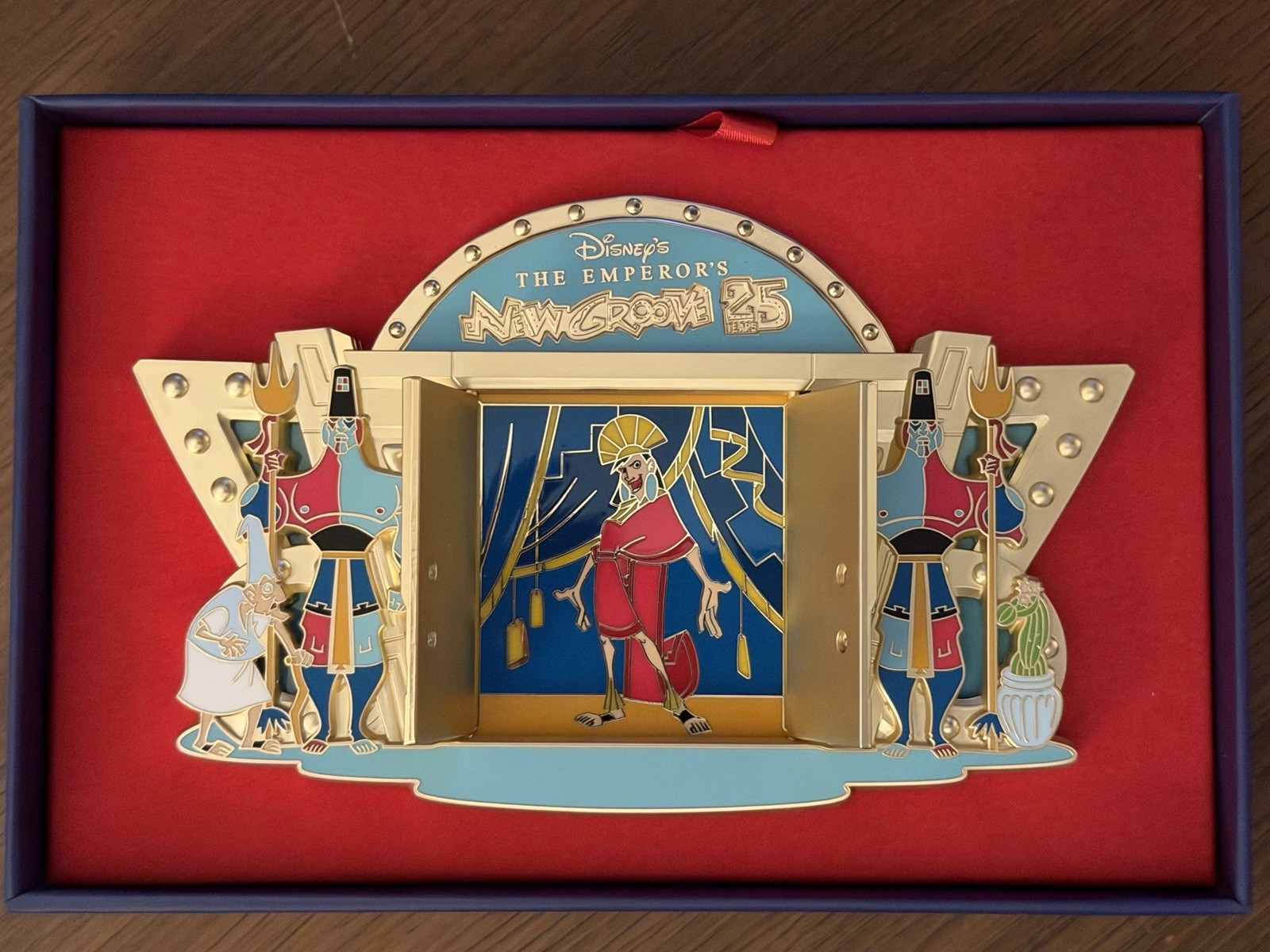 Disneyland Paris 25th Anniversary Emperor Kuzco Disney Jumbo Pin LE 800 US Ship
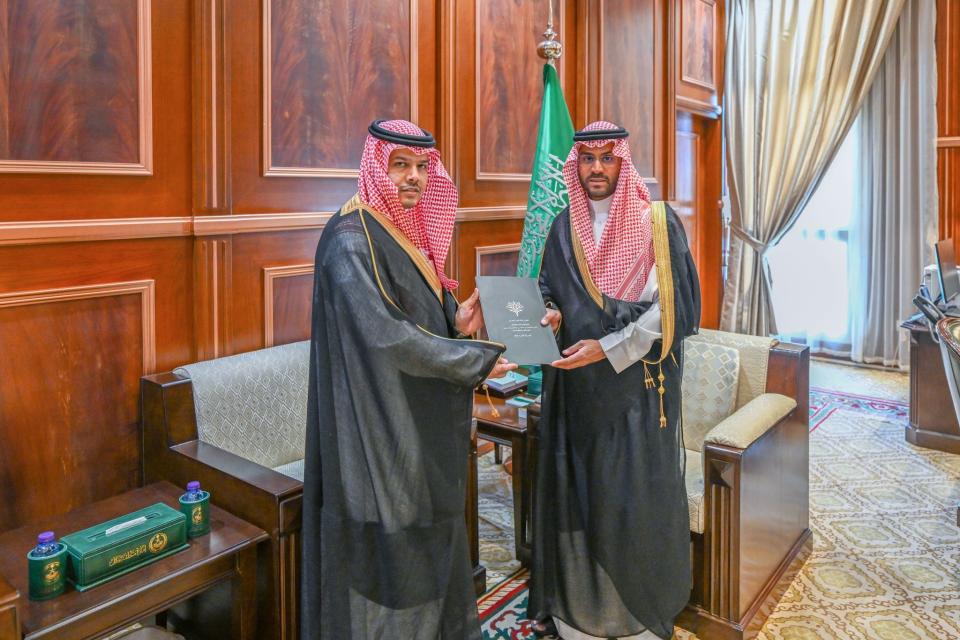 نائب أمير حائل يستقبل مدير فرع وزارة البيئة بالمنطقة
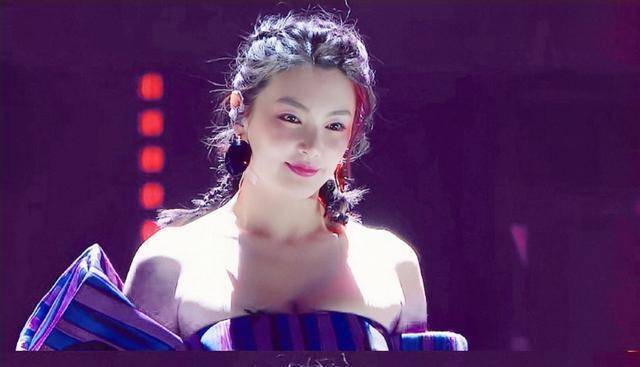 《乘风破浪的姐姐》张雨绮调侃团宠万茜,表示以后都不想与她同台_节目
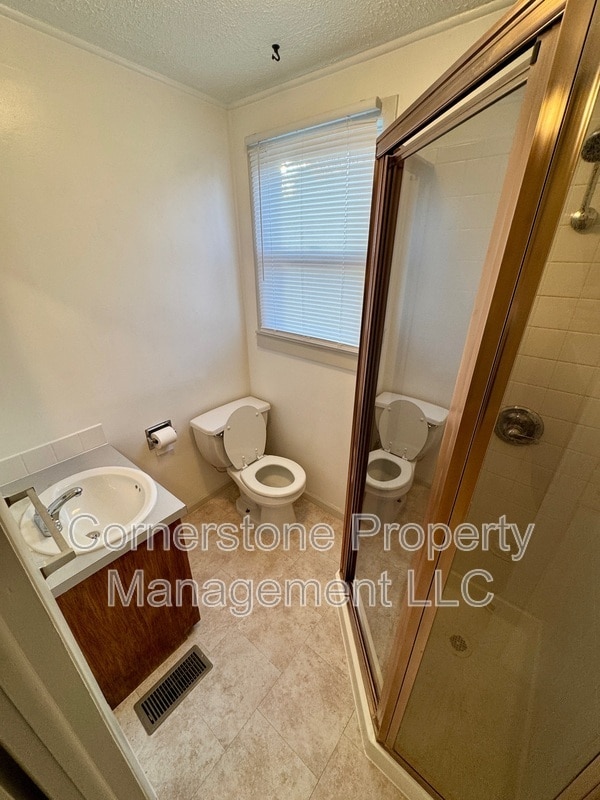 Building Photo - 1307 Elm St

## What you are asked to do
Every line of the listing above is to be repeated exactly, with its pictures left out.

## Finished exercise
 Disneyland Paris 25th Anniversary Emperor Kuzco Disney Jumbo Pin LE 800 US Ship
 نائب أمير حائل يستقبل مدير فرع وزارة البيئة بالمنطقة
 《乘风破浪的姐姐》张雨绮调侃团宠万茜,表示以后都不想与她同台_节目
 Building Photo - 1307 Elm St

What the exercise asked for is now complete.